Ye has taken this further and, in classic rapper style, further outlined his complaints in a song released in mid-January. Sample lyrics include “I got love for the nannies, but real family is better. The cameras watch the kids, y’all stop taking credit” and “when you give ‘em everything they only want more. Bougie and unruly, y’all need to do some chores”. 

Usually, the problems of celebrities seem so far removed from our own. They seem to live on a foreign planet and have problems that are absolutely unfathomable to the rest of us. But, in this case, we would suggest that the issue of disentangling lives and setting boundaries is one that is all too common for parties going through separation and divorce. 

So, what does the law say? Would a Judge here in Alberta be on Team Kim or Team Kanye? We would suggest that it is clearly the former. 

Whether you have a team of security at your front door or not, all parties are entitled to privacy once they have separated. There are remedies in the court, such as orders for exclusive possession of the matrimonial home, that can ensure such things. Courts often emphasize the desire for parties to have a clean break. Parties are entitled to their space and to their safety. They are entitled to start new relationships and to keep their former partners out of their homes. The exception to this relates to parenting. Parties are not entitled to keep the other parent from the children. Unless, of course, it is not in the child’s best interests to be with the other parent. But I would suggest that this does not extend to the requirement to invite the other parent to birthday parties or any other family events. 

Ye’s complaints around chores relate to ‘day to day decision making’. Generally, parties have the right to make decisions regarding the care of their children during their parenting time.
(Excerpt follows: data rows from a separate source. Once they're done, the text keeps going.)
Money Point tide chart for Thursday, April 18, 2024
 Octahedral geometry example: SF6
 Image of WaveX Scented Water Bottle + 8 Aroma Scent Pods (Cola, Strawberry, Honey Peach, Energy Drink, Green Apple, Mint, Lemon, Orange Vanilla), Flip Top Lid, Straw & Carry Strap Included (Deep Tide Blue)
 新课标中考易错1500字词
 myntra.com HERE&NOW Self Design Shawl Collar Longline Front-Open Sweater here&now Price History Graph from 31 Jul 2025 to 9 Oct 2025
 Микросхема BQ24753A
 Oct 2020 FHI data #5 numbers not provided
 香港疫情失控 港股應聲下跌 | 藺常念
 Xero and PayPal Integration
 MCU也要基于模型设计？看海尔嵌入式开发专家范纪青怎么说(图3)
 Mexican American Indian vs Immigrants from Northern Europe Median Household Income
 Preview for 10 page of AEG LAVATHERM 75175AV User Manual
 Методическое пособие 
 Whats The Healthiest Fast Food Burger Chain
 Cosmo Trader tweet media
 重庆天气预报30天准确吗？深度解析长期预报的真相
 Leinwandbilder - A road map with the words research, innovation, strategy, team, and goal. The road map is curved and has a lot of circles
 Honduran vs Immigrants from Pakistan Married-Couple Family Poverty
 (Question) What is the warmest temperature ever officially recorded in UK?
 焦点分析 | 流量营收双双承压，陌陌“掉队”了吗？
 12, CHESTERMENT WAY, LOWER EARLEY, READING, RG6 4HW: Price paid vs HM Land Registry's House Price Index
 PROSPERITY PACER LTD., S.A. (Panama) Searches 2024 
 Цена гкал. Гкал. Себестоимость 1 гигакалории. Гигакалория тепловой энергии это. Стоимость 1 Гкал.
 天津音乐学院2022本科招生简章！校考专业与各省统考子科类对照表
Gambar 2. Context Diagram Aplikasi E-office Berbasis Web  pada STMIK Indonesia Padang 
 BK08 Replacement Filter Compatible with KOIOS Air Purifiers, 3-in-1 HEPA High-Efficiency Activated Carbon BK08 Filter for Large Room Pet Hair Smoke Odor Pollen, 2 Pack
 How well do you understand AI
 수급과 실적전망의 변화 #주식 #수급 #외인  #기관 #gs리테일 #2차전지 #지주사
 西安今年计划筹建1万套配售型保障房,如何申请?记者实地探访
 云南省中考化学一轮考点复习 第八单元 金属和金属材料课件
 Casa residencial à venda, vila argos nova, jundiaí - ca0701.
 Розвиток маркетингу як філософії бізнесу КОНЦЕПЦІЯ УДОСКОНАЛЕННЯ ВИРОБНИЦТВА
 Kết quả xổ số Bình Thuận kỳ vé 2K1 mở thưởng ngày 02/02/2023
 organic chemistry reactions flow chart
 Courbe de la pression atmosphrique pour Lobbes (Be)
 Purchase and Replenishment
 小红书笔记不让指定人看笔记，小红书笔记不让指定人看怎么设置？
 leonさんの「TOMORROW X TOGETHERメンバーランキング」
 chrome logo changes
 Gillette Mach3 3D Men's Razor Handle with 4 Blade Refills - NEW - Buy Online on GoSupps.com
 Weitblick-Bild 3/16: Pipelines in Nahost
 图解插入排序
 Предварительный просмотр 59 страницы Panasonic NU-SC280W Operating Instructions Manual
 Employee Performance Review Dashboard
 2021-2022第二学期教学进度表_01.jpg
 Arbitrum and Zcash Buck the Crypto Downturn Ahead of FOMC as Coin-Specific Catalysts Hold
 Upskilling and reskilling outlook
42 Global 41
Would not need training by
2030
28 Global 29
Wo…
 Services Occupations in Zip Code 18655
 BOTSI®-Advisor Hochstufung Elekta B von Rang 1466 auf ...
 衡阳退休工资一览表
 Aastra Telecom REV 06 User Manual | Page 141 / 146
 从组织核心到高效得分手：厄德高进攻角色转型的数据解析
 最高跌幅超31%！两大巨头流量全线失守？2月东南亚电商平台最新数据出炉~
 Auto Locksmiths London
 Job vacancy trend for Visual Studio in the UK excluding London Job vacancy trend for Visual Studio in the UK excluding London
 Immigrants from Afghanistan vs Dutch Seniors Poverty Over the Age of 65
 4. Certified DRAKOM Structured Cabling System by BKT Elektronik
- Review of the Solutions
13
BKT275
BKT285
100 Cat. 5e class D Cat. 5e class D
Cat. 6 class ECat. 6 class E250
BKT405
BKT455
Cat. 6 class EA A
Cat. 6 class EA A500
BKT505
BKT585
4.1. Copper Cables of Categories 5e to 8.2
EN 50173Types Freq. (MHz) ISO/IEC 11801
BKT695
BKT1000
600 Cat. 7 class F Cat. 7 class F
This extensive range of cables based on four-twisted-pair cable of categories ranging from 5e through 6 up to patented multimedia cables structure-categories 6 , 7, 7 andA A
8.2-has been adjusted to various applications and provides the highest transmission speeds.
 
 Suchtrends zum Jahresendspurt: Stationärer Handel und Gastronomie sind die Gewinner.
The Family Law Act in Alberta indicates that guardians have a right to be informed of and consulted about “all significant decisions” and goes on to say that, unless limited by a parenting order, each guardian may make day to day decisions affecting the child including daily activities. 

The courts promote independence on day to day decision making for the same reasons parties have right to privacy: parents are entitled to their autonomy following the breakdown of the relationship (within reason). What chores the kids do, where they go to a birthday party are up there with what they have for dinner, what books they read under the category of day to day decisions. Having to consult with a co-parent on each of these minor decisions would lead to an untenable amount of communication between two parties who are likely already experiencing some level of conflict. It could be paralyzing and prevent anything being done. Kim has a right to say what chores the kids do in her house without input from Ye, as long as the kids are safe. 

Having a Nanny is also a completely acceptable option for child care. Not only is it acceptable for one party to arrange this form of child care, but the courts have reiterated that a Nanny is a reasonable expense to be shared between the parties if it fits the definition under section 7(1)(a) of the Federal Child Support Guidelines: a child care expense incurred as a result of the custodial parent’s employment, illness, disability or education or training for employment. Kim is not offside with this.

At the end of the day, Kim is entitled to some freedom from Ye. All parties are entitled to safety, privacy and to make the day to day decisions about the kids while they are in their own care. Family law courts know and understand that parties with children will not receive a ‘clean break’ from their former partners but they strive to give each party autonomy where they can and to limit the need to communication and consultation, especially when the parties are in high conflict. This isn’t about keeping parents from their kids. It’s about giving people the opportunity to co-parent with as little conflict as possible. Celebrities ARE just like us, we just might not be writing a rap song about our parenting woes.